Authors Ottoboni T, Keller MR, Cravets M , Clendeninn N , Quart B

Received 2 November 2017

Accepted for publication 5 January 2018

Published 1 March 2018 Volume 2018:12 Pages 429—435

DOI https://doi.org/10.2147/DDDT.S155875

Checked for plagiarism Yes

Review by Single anonymous peer review

Peer reviewer comments 3

Editor who approved publication: Dr Tuo Deng



Video abstract presented by Thomas Ottoboni.

Views: 741

Tom Ottoboni,1 Mary Rose Keller,2 Matt Cravets,3 Neil Clendeninn,4 Barry Quart5

1Pharmaceutical and Translational Sciences, Heron Therapeutics, Inc., San Diego, CA, USA; 2Clinical Operations, Heron Therapeutics, Inc., San Diego, CA, USA; 3Biometrics, Heron Therapeutics, Inc., San Diego, CA, USA; 4Clinical, Heron Therapeutics, Inc., San Diego, CA, USA; 5Heron Therapeutics, Inc., San Diego, CA, USA


Introduction: Fosaprepitant, an intravenous (IV) aprepitant prodrug for chemotherapy-induced nausea and vomiting prophylaxis, is associated with systemic and infusion-site reactions attributed in part to its surfactant, polysorbate 80. HTX-019 is an IV aprepitant formulation free of polysorbate 80 and other synthetic surfactants.
Materials and methods: This open-label, single-dose, randomized, two-way crossover bioequivalence study compared pharmacokinetics and safety of HTX-019 and fosaprepitant.

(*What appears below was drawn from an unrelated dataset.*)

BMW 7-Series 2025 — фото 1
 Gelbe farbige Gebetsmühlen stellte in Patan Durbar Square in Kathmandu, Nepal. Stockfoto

Healthy subjects received single-dose HTX-019 (130 mg) or fosaprepitant (150 mg) IV over 30 min, with ≥7-day washout between doses. Blood samples were evaluated for pharmacokinetics and bioequivalence; safety evaluation included treatment-emergent adverse events (TEAEs) and serious adverse events. Ninety-seven of one hundred enrolled subjects completed the study.
Results: Baseline characteristics were comparable between treatment sequences. For HTX-019, mean (percent coefficient of variation) area under the curve (AUC) from time 0 to time of last measurable plasma concentration (AUC0-t), AUC from time 0 to infinity (AUC0-inf), and plasma concentration at 12 h (C12 h) for HTX-019 were 43,729 h*ng/mL (32.7), 45,460 h*ng/mL (36.8), and 988.4 ng/mL (27.5), respectively; corresponding fosaprepitant values were 44,130 h*ng/mL (32.0), 46,163 h*ng/mL (36.6), and 1,022 ng/mL (28.5). Also, 90% CIs (94.186–101.354) were within bioequivalence bounds (80%–125%). Within 1 h following infusion start, one (1%) HTX-019 recipient reported one TEAE, while 20 (20%) fosaprepitant recipients reported 32 TEAEs. Dyspnea occurred in three fosaprepitant recipients (at <1 min in two subjects and at 18 min in one subject, considered study drug related) and one HTX-019 recipient (at 120 h, associated with a respiratory tract infection and considered not related to the study drug). No severe TEAEs, serious adverse events, or deaths occurred; all TEAEs resolved.
Conclusion: HTX-019 was bioequivalent to fosaprepitant and may provide a safer alternative to fosaprepitant for chemotherapy-induced nausea and vomiting prophylaxis.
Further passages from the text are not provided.